Description of the task: The records follow. Transcribe only the lines from the line containing "this 147×196 image." through the end, both ends included, and leave out the pictures.

Dataset entries:
Segment Open
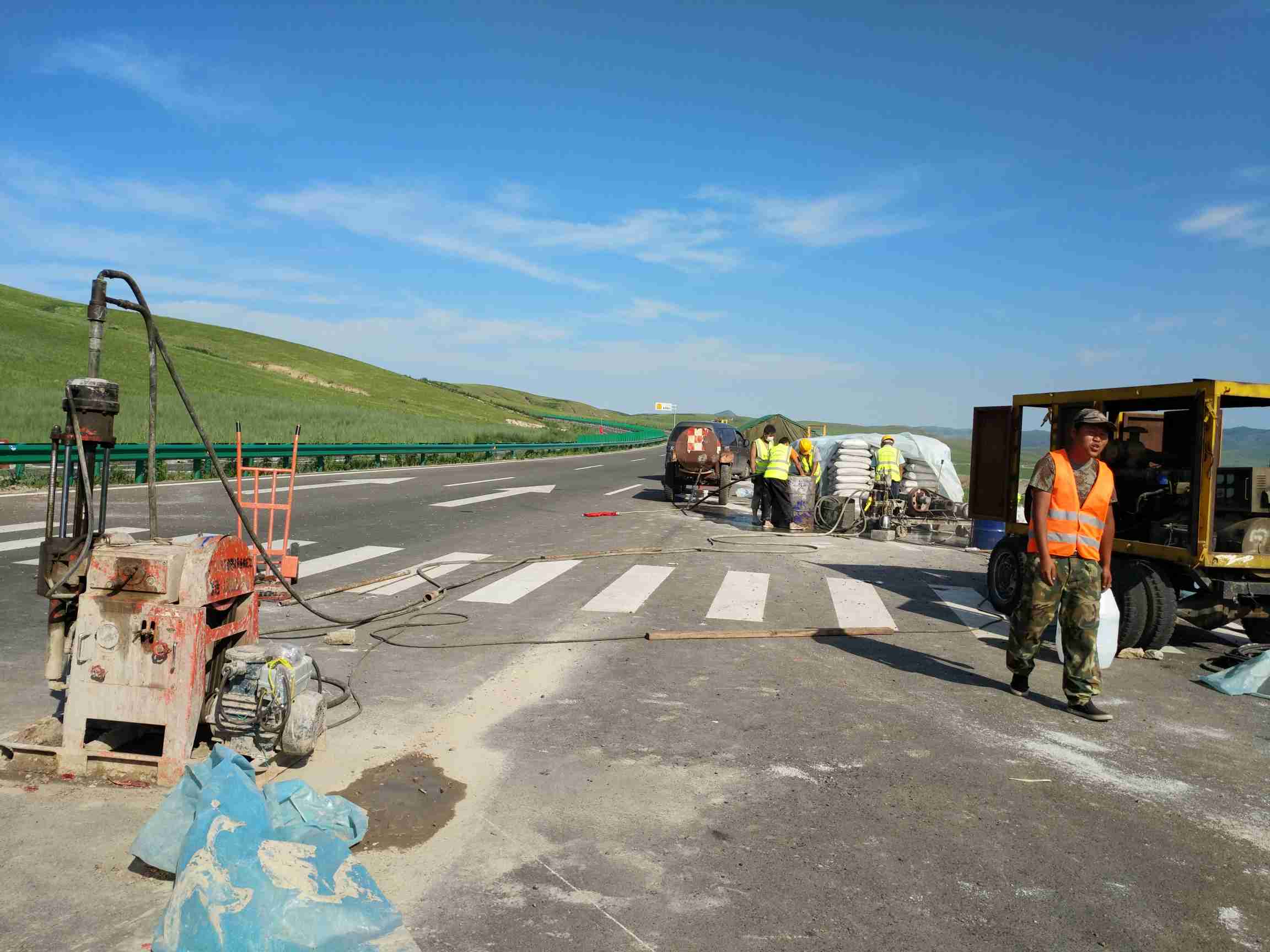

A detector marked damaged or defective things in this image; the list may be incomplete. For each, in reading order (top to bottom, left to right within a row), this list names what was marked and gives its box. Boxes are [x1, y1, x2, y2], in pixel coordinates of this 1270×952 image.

rusty orange machine [17, 272, 325, 787]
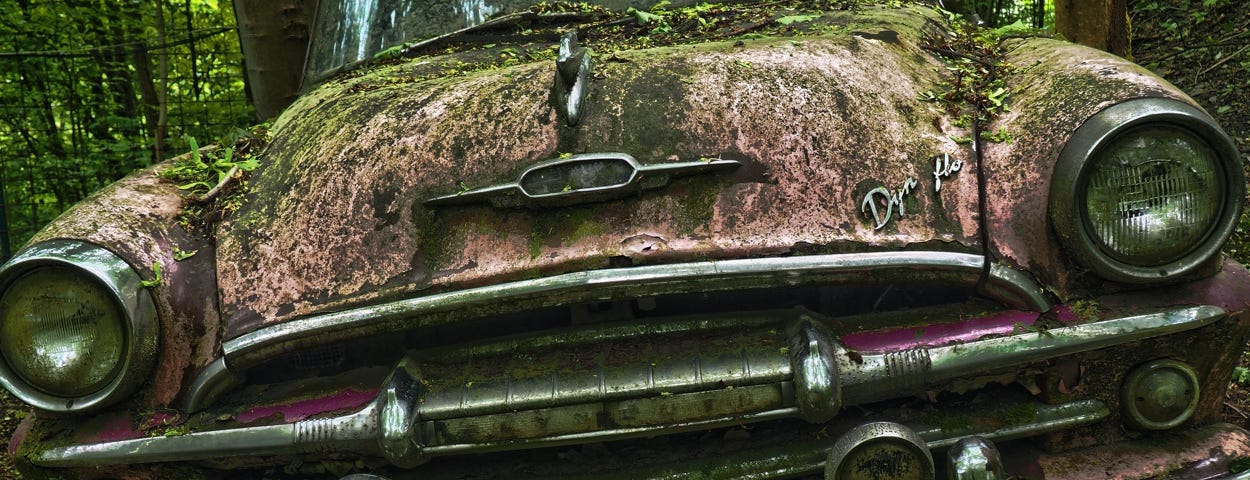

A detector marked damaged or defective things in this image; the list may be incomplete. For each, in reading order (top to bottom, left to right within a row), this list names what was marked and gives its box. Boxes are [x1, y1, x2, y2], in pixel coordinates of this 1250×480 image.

corroded chrome [560, 31, 592, 126]
corroded chrome [424, 152, 736, 208]
corroded chrome [0, 240, 160, 412]
peeling pink paint [236, 388, 376, 426]
corroded chrome [788, 320, 840, 422]
corroded chrome [1120, 356, 1200, 432]
corroded chrome [824, 422, 932, 478]
corroded chrome [944, 438, 1004, 480]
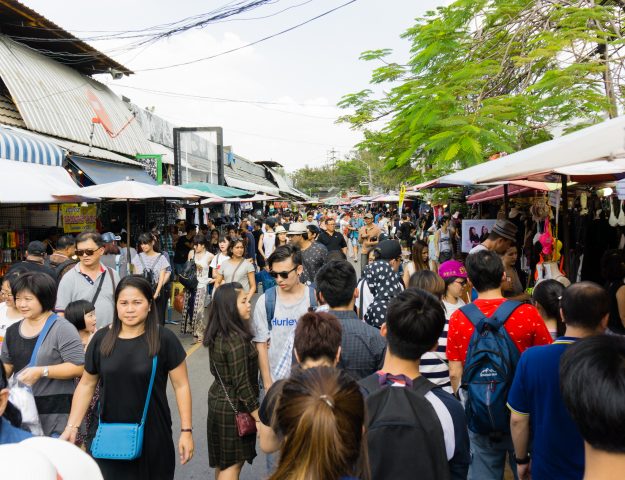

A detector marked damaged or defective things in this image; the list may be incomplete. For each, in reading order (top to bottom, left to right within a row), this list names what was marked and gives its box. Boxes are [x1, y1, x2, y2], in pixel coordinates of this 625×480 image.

rusty roof edge [0, 0, 133, 75]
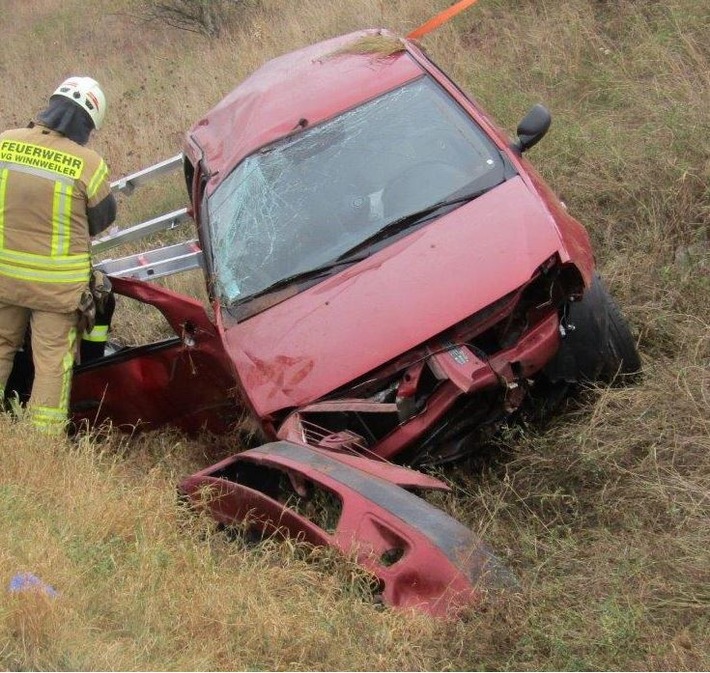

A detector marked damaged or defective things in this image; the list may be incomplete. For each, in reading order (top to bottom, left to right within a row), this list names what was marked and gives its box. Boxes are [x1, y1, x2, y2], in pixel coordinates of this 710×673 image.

wrecked car [2, 27, 644, 616]
cracked windshield [206, 75, 506, 304]
shattered glass [209, 75, 508, 304]
crumpled hood [224, 176, 572, 418]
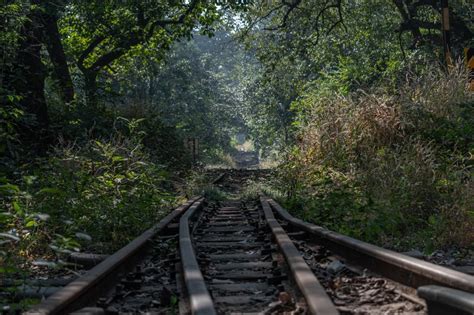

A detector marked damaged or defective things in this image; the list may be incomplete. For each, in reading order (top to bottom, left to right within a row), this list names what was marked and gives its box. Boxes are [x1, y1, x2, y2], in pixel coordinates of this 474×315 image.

rusty rail [25, 199, 200, 314]
rusty rail [178, 200, 217, 315]
rusty rail [260, 199, 340, 314]
rusty rail [266, 200, 474, 294]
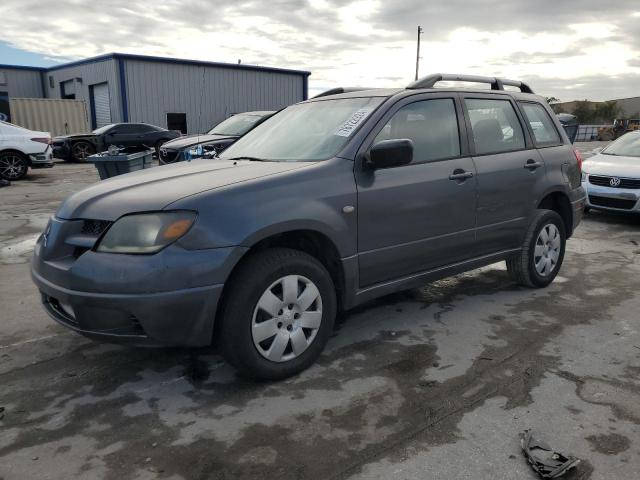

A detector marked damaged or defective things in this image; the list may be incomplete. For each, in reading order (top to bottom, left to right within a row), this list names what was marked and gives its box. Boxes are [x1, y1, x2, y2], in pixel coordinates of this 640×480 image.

cracked pavement [1, 147, 640, 480]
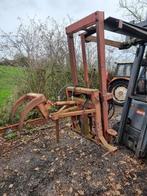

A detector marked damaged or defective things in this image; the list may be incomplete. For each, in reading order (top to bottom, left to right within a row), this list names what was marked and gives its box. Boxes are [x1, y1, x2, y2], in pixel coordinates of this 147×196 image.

rusty bale grab attachment [10, 11, 118, 153]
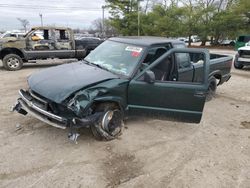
Segment Closed
Final answer:
A detector marked damaged or defective things in this image; the list may be incomplete. For each, in reading order (top to bottom, left to right within a row), this list names what was marked and gives its box. Boxes are [x1, y1, x2, y2], in pixel coordinates of this 147×196 image.

rusty bale grab attachment [10, 11, 118, 153]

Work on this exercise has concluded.